Requirement: Return all of the data exactly as written, without the pictures.

The data:
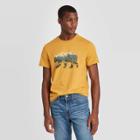 Men's Animal Print Standard Fit Short Sleeve Crew Neck Graphic T-shirt - Goodfellow & Co Gold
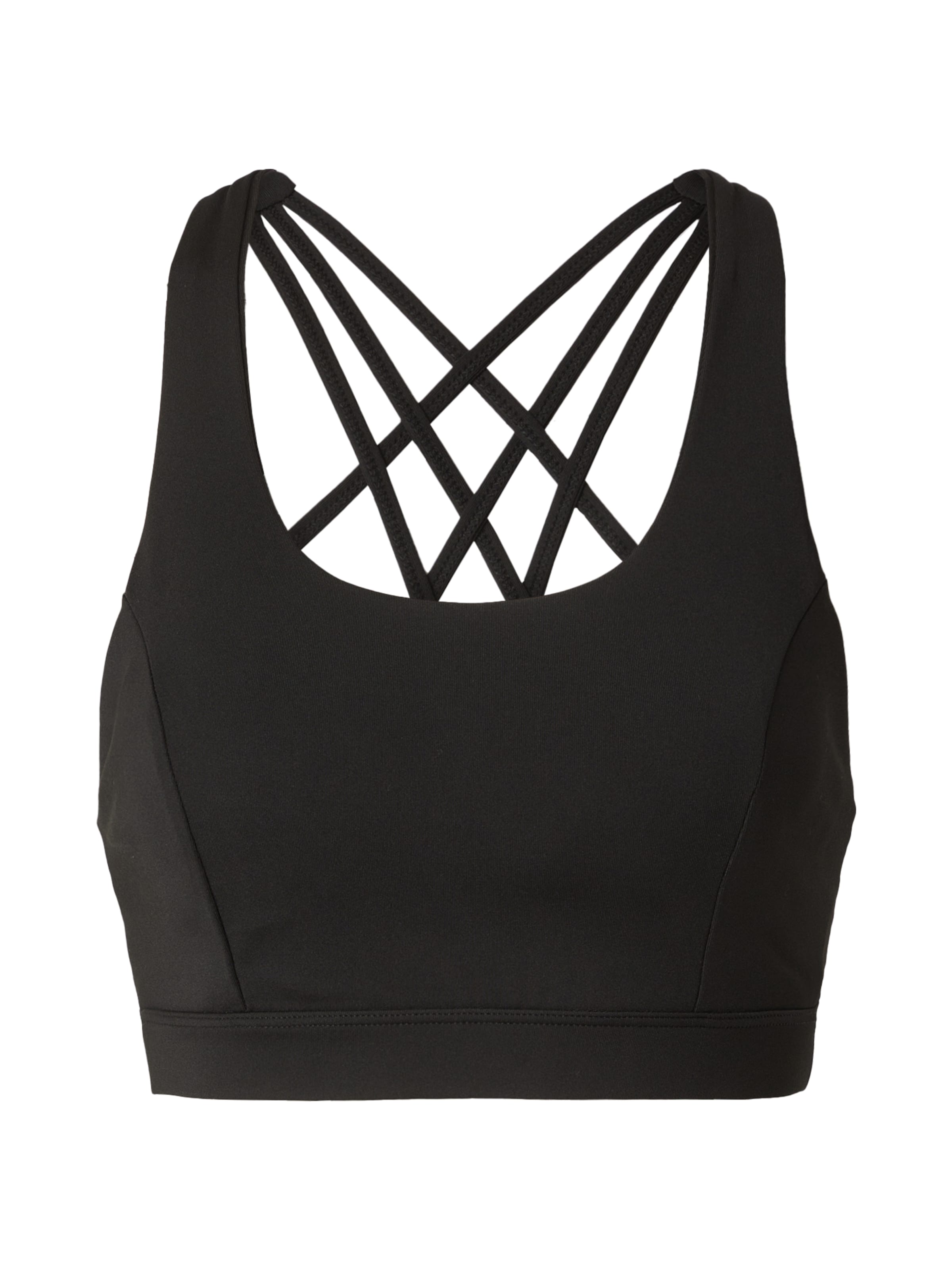 Happiness İstanbul Бюстие Спортен сутиен в черно: отпред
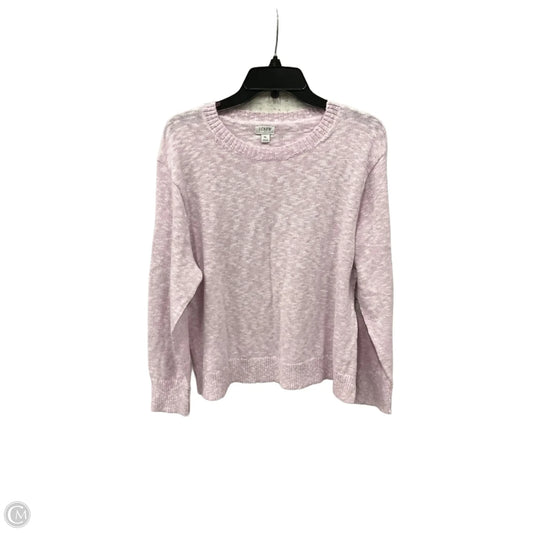 Sweater By J. Crew In Pink, Size: L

The completed task:
 Men's Animal Print Standard Fit Short Sleeve Crew Neck Graphic T-shirt - Goodfellow & Co Gold
 Happiness İstanbul Бюстие Спортен сутиен в черно: отпред
 Sweater By J. Crew In Pink, Size: L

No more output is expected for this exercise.